▶ _PROBLEM TO WORK ON_
Every line from the one with "军训后要被晒成碳？史上最强晒后修复攻略，让你快速白回来" up to and including the one with "APRILSKIN - Real" is to be output exactly as it appears below; pictures are not.

▶ _SOURCE MATERIAL_
******************************
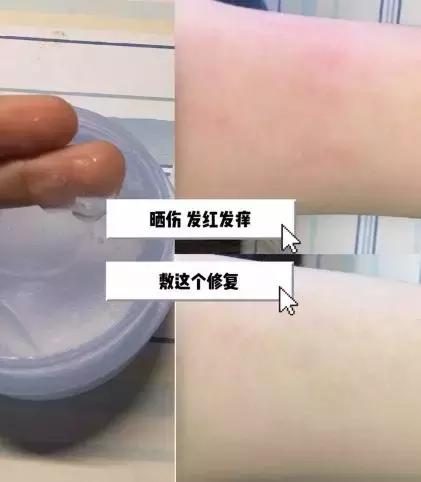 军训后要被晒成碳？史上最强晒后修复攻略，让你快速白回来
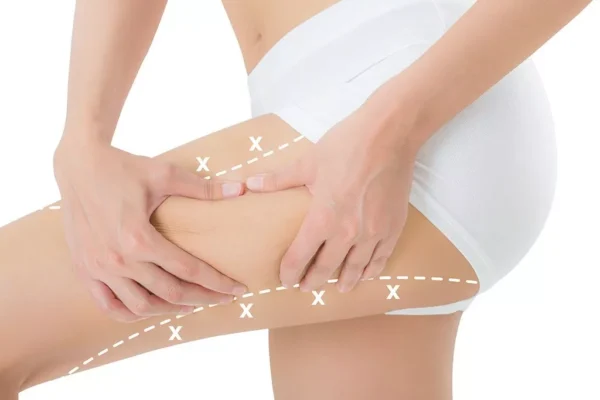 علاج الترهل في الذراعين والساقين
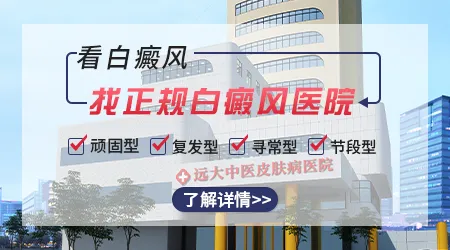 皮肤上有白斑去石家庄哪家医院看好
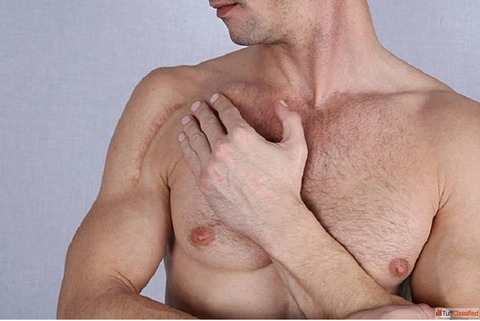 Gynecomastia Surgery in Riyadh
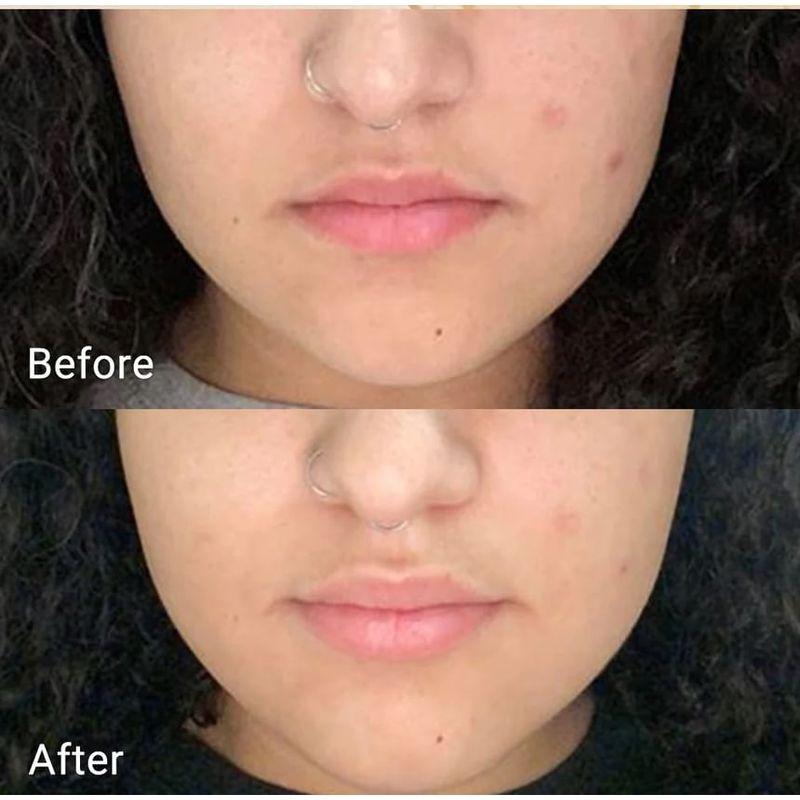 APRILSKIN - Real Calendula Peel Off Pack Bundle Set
******************************
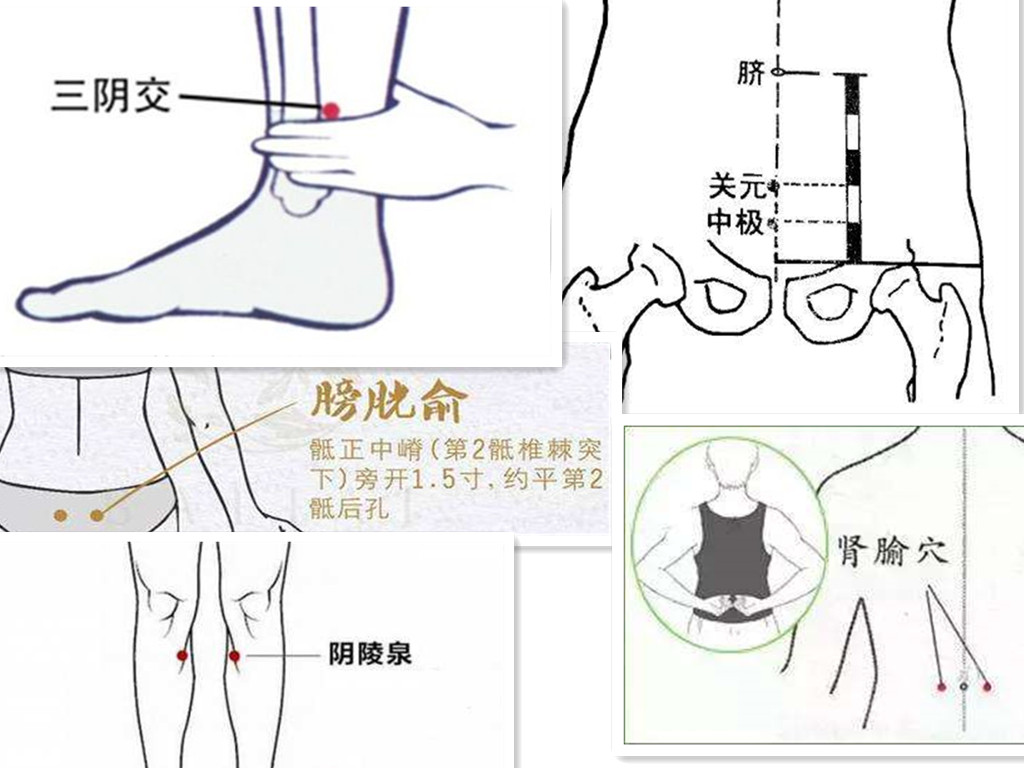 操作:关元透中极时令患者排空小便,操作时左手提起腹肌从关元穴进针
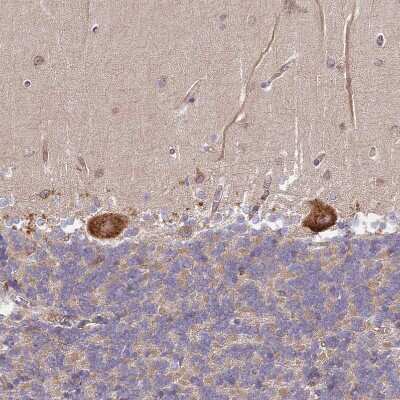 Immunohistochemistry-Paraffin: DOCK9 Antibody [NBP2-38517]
******************************
▶ _COMPLETED TASK_
 军训后要被晒成碳？史上最强晒后修复攻略，让你快速白回来
 علاج الترهل في الذراعين والساقين
 皮肤上有白斑去石家庄哪家医院看好
 Gynecomastia Surgery in Riyadh
 APRILSKIN - Real Calendula Peel Off Pack Bundle Set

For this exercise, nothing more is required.